Nothing had changed in terms of Iraq since Gore had left left office, except the perception among a bunch of pantswetting neocons that 9/11 made all countries which might someday pose a threat subject to immediate invasion. Perhaps the cynics can persuade themselves that any president would have done what Bush and Cheney did, just because they could. But Al Gore’s speech that day, at a time when the Democratic nomination was his for the taking, laid out the case against the war in both practical and principled terms that have since proven to be correct in every detail. It was based upon a fundamental difference in the way he, and many others, understood the United States’ power.
It concluded with this:
Does Saddam Hussein present an imminent threat, and if he did would the United States be free to act without international permission? If he presents an imminent threat we would be free to act under generally accepted understandings of article 51 of the UN Charter which reserves for member states the right to act in self-defense. If Saddam Hussein does not present an imminent threat, then is it justifiable for the Administration to be seeking by every means to precipitate a confrontation, to find a cause for war, and to attack? There is a case to be made that further delay only works to Saddam Hussein’s advantage, and that the clock should be seen to have been running on the issue of compliance for a decade: therefore not needing to be reset again to the starting point. But to the extent that we have any concern for international support, whether for its political or material value, hurrying the process will be costly. Even those who now agree that Saddam Hussein must go, may divide deeply over the wisdom of presenting the United States as impatient for war. At the same time, the concept of pre-emption is accessible to other countries. There are plenty of potential imitators: India/Pakistan; China/Taiwan; not to forget Israel/Iraq or Israel/Iran. Russia has already cited it in anticipation of a possible military push into Georgia, on grounds that this state has not done enough to block the operations of Chechen rebels. What this doctrine does is to destroy the goal of a world in which states consider themselves subject to law, particularly in the matter of standards for the use of violence against each other. That concept would be displaced by the notion that there is no law but the discretion of the President of the United States. I believe that we can effectively defend ourselves abroad and at home without dimming our principles. Indeed, I believe that our success in defending ourselves depends precisely on not giving up what we stand for.

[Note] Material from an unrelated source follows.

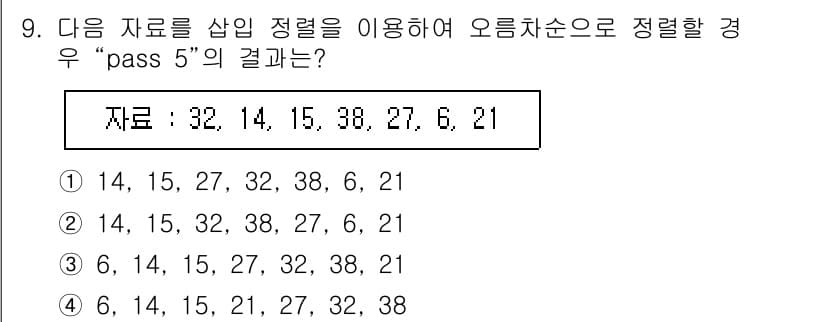 정보처리산업기사 2020년 9번 - 정답과 핵심 포인트를 검수 중인 기출문제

Gore’s speech wasn’t based only upon some idealistic understanding of American “goodness” although he clearly It was based upon the idea that after 9/11 it was damned dangerous for the US to turn itself into a pariah nation by telling the world that its president could do anything he damned well pleased. It’s the central practical argument against what they did.
The Bush administration took its 70% approval rating (built on breathless gasbag hagiography) and steamrolled the political establishment into a war the neocons had long been looking for an excuse to start. That is indisputable. And Al Gore was the most prominent opponent of that war at the time. The idea that he would have taken the same path is ludicrous.